Amazon Web Services Outage: Cloud Computing Proof of Concept
In late April 2011, a huge outage amongst the cloud computing network from Amazon, called Amazon Web Services (AWS), happened after massive failures in the company's Virginia-based facilities literally shut down many businesses operating on the network. Opponents of the cloud computing paradigm were all over the outage as proof that cloud computing is bad for business.
Except it isn't and the outage proved exactly the opposite.
Quick Look at How Cloud Computing Works
The idea behind cloud computing is to diversify resources so that they are better managed and put to more use. Basically, it spreads resources and at the same time allows them to be used by more users, thus lowering costs.
There are two basic models for cloud computing: 'design for failure' and 'traditional.' Contrary to the title, the traditional model is actually becoming outmoded by the design for failure (DFF) model. The AWS was a mixture of both.

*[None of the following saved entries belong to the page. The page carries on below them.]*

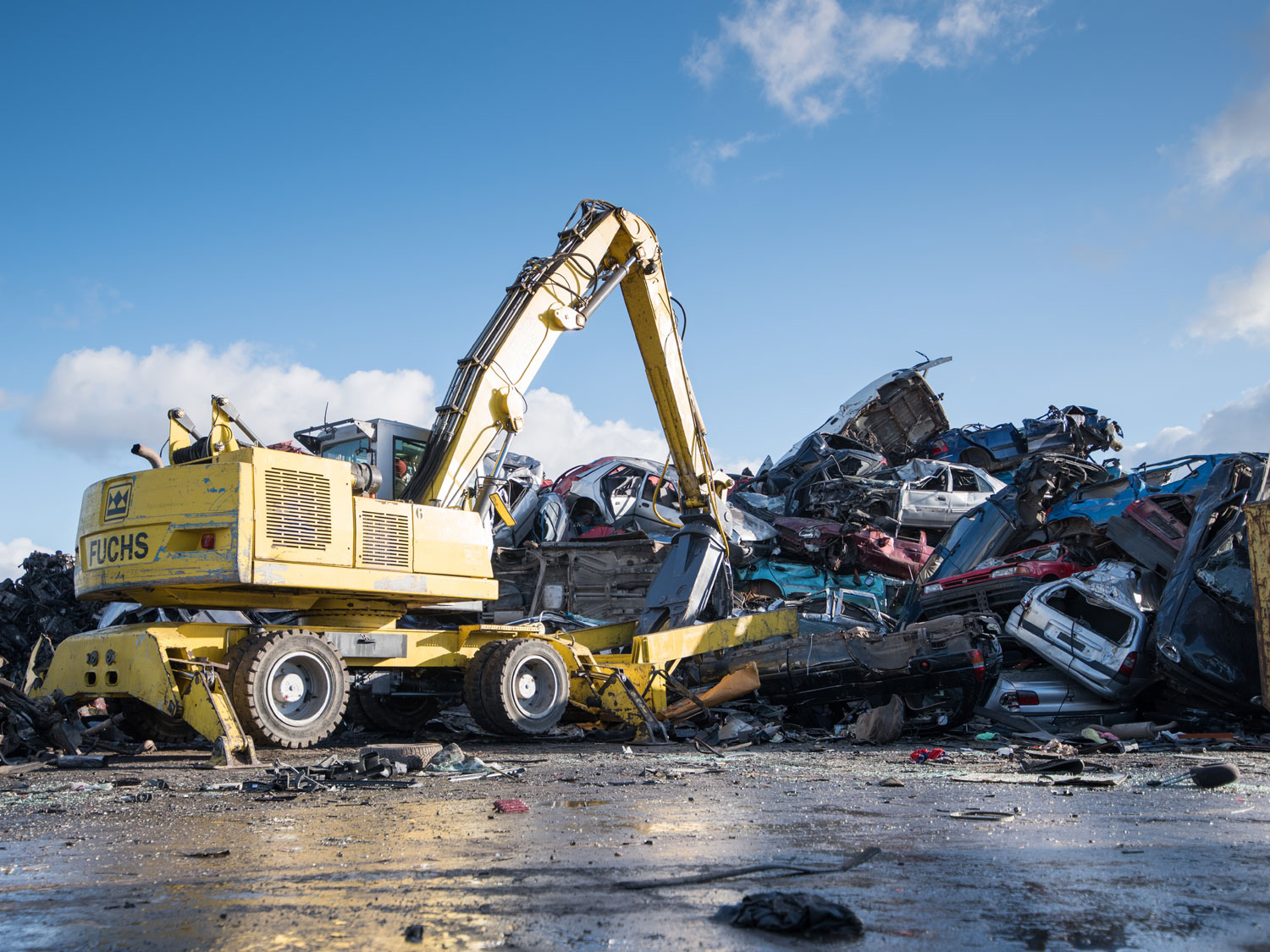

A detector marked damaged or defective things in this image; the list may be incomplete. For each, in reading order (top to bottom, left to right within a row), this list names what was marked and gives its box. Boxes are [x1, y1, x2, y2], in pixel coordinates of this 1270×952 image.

crushed car [925, 404, 1123, 475]
pile of crushed cars [485, 355, 1270, 741]
red crushed car [914, 541, 1092, 622]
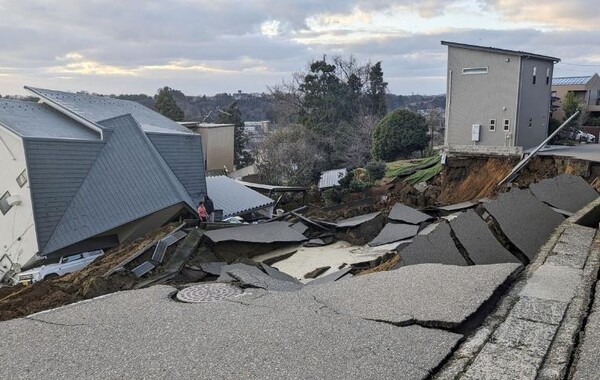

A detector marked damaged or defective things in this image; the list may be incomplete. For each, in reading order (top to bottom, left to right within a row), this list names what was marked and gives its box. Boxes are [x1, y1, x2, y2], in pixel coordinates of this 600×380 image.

broken pavement slab [203, 221, 308, 245]
broken pavement slab [368, 223, 420, 246]
broken pavement slab [390, 203, 432, 224]
broken pavement slab [398, 221, 468, 266]
broken pavement slab [450, 209, 520, 266]
broken pavement slab [482, 189, 564, 262]
broken pavement slab [532, 173, 596, 212]
broken pavement slab [300, 262, 520, 328]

In traditional cloud architecture, geographic limitations mean that while the workload is spread amongst various systems, they must all be within a relatively small geographic area. It puts most of the weight of availability of resources on the infrastructure and redundancy within it. The down side to this model is that when an area-wide failure happens, the traditional cloud is likely to go with it.

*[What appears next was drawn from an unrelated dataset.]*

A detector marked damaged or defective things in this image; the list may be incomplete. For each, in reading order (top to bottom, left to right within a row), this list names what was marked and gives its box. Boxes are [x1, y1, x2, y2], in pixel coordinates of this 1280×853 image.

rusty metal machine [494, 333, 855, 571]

In the DFF model, redundancy is removed from the infrastructure and spread the availability to a combination of software management and physical design. This allows for failures of single or multiple parts of the cloud to happen without destroying the cloud's availability and the applications and data on it. In the best DFF setups, data is spread to multiple locations and mirrored (saved in copies) in multiple locations geographically to avert catastrophic failure and data loss.